> **Work order**
Below are entries. Give back exactly the lines from the one containing "Crimson Red Folk Art Floral Rug" through the one containing "3pcs Newborn Baby", inclusive, without the pictures.

> **Records for this task**

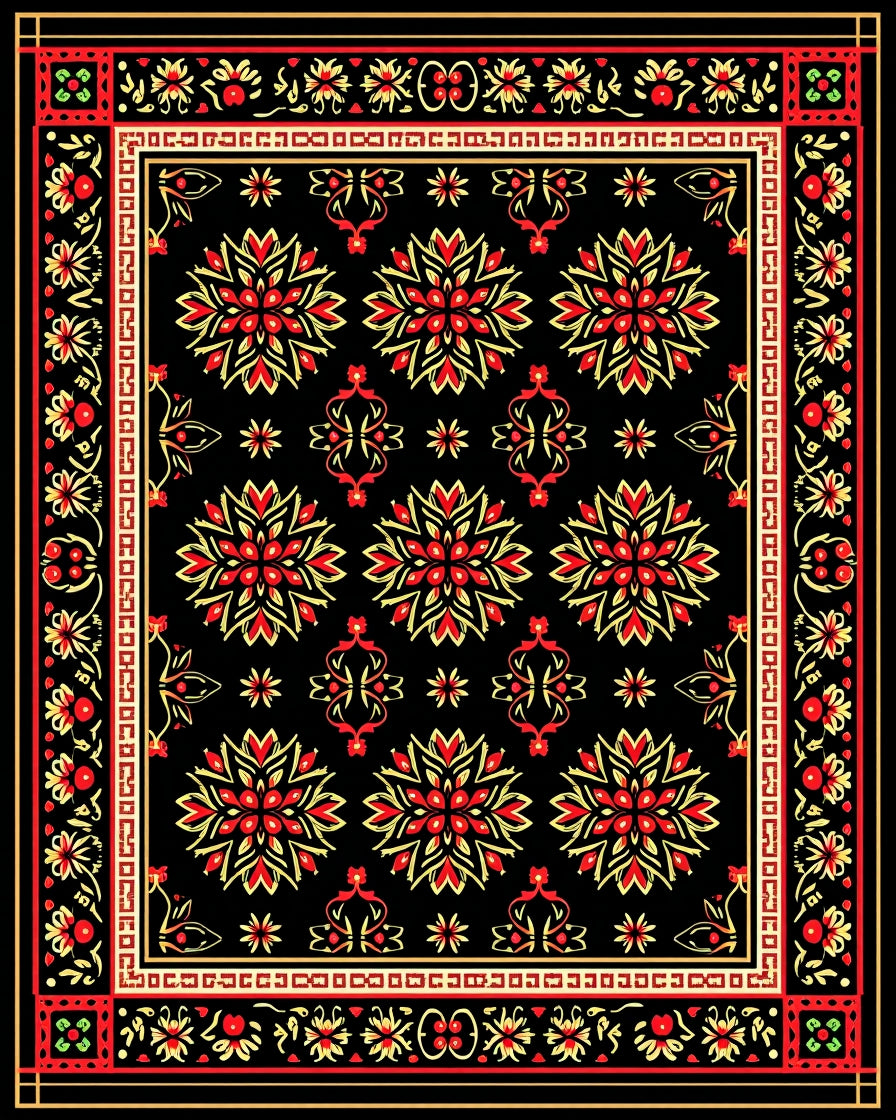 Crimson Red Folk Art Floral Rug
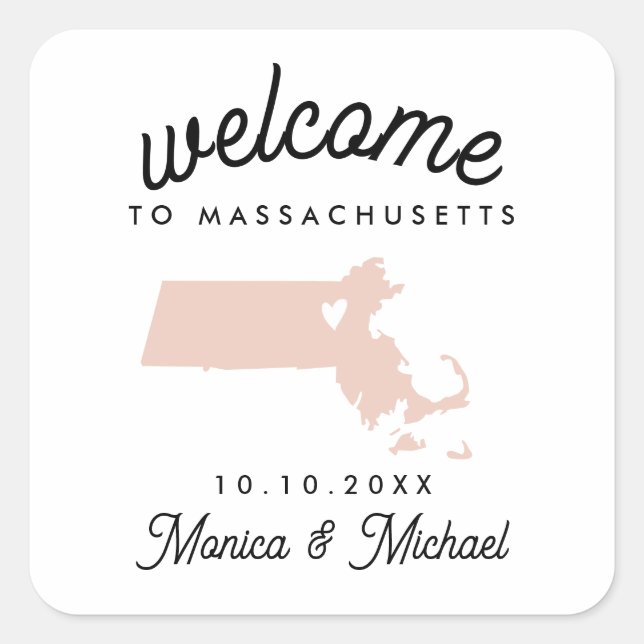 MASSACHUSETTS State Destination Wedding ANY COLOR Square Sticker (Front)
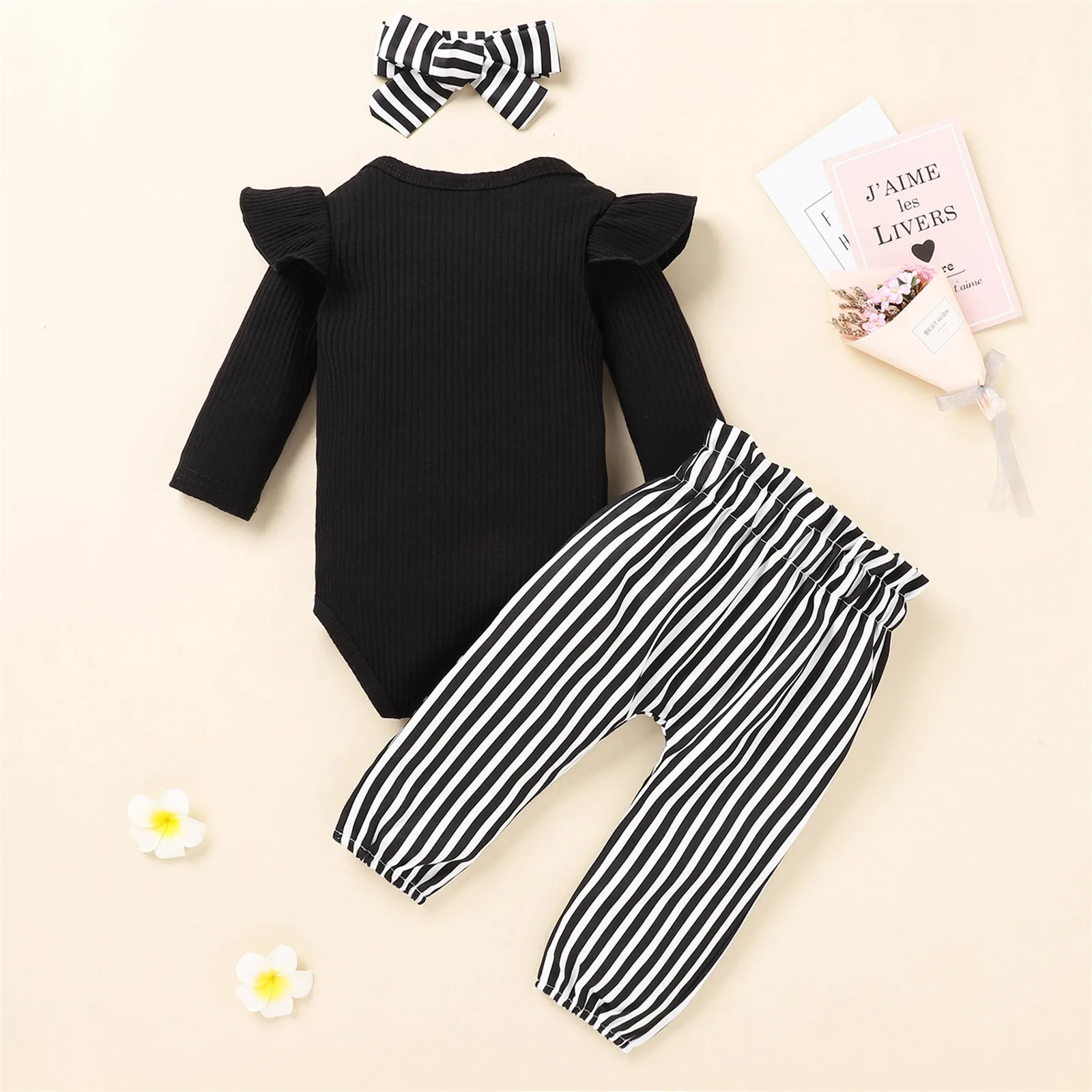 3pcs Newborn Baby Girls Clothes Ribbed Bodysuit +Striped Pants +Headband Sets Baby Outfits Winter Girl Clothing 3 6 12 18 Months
* * *
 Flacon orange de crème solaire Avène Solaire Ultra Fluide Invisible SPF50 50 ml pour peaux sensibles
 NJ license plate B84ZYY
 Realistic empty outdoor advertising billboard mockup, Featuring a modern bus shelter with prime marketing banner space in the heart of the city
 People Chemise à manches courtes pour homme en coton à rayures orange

> **Problem solution**
 Crimson Red Folk Art Floral Rug
 MASSACHUSETTS State Destination Wedding ANY COLOR Square Sticker (Front)
 3pcs Newborn Baby Girls Clothes Ribbed Bodysuit +Striped Pants +Headband Sets Baby Outfits Winter Girl Clothing 3 6 12 18 Months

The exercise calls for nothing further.